How do I parse structured text in Rust?
Walkthrough
Nom is a parser combinator library that builds complex parsers from small, composable functions. Instead of writing grammar files and generating code, you write parsers directly in Rust using combinators—functions that take parsers and return new parsers.

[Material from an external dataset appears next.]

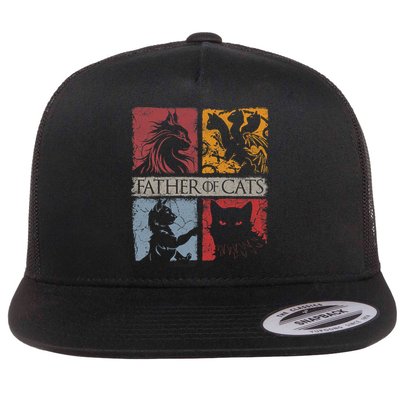 Father Of Cats Cat Lovers Cat Dad Fabulous Flatbill Hat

Nom is fast, produces zero allocations for many patterns, and handles streaming input gracefully.
Key concepts:
- Parsers — functions taking input and returning
IResult<Input, Output, Error> - Combinators — functions combining parsers (sequence, choice, repetition)
- Input types —
&strfor text,&[u8]for binary - Error handling — rich error types with context
- Streaming/Complete — handle partial or complete input
Nom excels at parsing text protocols, binary formats, configuration files, and domain-specific languages.
Code Example
# Cargo.toml
[dependencies]
nom = "7"use nom::{
IResult,
bytes::complete::{tag, take, take_while},
character::complete::{alpha1, digit1, space0, space1},
sequence::{pair, preceded, separated_pair, tuple},
combinator::map,
};
// Basic parser: parse "hello" from input
fn parse_hello(input: &str) -> IResult<&str, &str> {
tag("hello")(input)
}
fn main() {
// Successful parse
let (remaining, matched) = parse_hello("hello world").unwrap();
println!("Matched: '{}'", matched); // "hello"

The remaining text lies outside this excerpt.